Wednesday, November 17, 2010

Did I scoop the vaunted Financial Times magazine on Big Mac Inflation in China? Yeah, I think I did...:)

Toot! Toot! (that is me tooting my own horn)....This short piece in the Financial Times, China inflation: The Big Mac indicator, uses the price of a Big Mac in China as a measure of inflationary pressures that may be underway in China.
""More inflation warnings on Wednesday in China, this time from a highly symbolic source. The price of a Big Mac has risen from Rmb14 to Rmb15 at the branch of McDonald’s around the corner from the FT’s Beijing bureau - part of an across-the-board price hike that the US fast food chain blamed on rising costs of ingredients - even if that is still less than two-thirds of the price of a Big Mac in the US...""
If they had read THIS blog entry (reproduced below) of mine they would have known this weeks ago...Hey, I am a lowly high school economics teacher...let me have my time in the sun! :)
""Here is the latest "Big Mac Index"(graphic below) produced by The Economist magazine AND one produced in January 2010 (click HERE and HERE for my explanations of how The Big Mac Index works). Look at the cost of a Big Mac in the Euro area and then in China. How has the dollar price of a Big Mac changed in 9 months in each place? In January it took $4.79 to buy one in the Euro area (they took a weighted average) and in October it took $4.84 to buy one. So in dollar terms it became MORE expensive to buy a Big Mac. This implies the dollar lost value, or depreciated, relative to the Euro. Indeed, depreciation relative to the Euro has taken place this year. In China, a Big Mac cost $1.83 in January and in October it cost $2.18 (this is the amount we would give up to buy enough Yuan to purchase a Big Mac in Beijing). This implies the dollar lost value, or depreciated, relative to the Yuan (Chinese currency). SAY WHAT? This is NOT what has been the political discussion as of late. China has been criticized for NOT letting its currency appreciate relative to the dollar (as it SHOULD if it was traded in a flexible FOREX market) which would make its goods and services more expensive for us to buy and our goods and services less expensive for the Chinese to buy US goods and services. This presumably would lead to more balanced trade.
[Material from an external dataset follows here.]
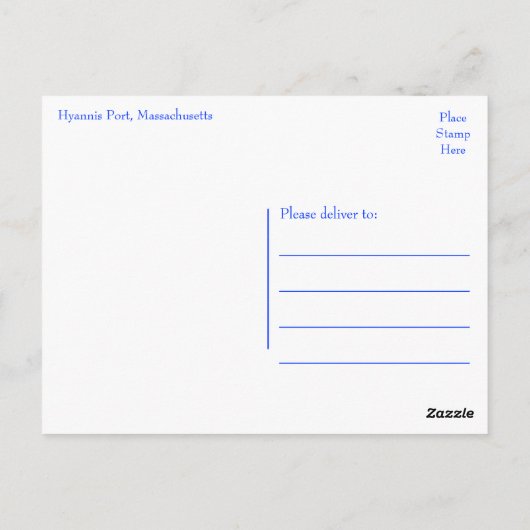 Cape Cod, Hyannis Port, Massachusetts USA ポストカード (裏面)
According to the Big Mac Index, from the two different time periods, Yuan appreciation HAS occurred. The dollar price of a Big Mac in China has INCREASED 19.6% ($2.18 minus $1.83 = $.35 divided by $1.83 times 100)!! The following could be happening: the Yuan has significantly appreciated in value, which would be BIG news, or there is Big Mac Inflation in China, or a combination of the two. We certainly have not seen nearly 20% appreciation, so I have to suspect inflation. One product does not make a trend, but is inflation rearing its ugly head in China? I pulled the thread---extra credit for doing the legwork to find out if this is the case... Note: the price of a Big Mac increased in the US, from $3.58 to $3.71, which is an increase of 3.6%. Can we say we have had inflation in the US for the last 9 month? No...so what else might contribute to the price increases in the US AND China for the Great Sandwich??  Extra-Extra Credit!! ""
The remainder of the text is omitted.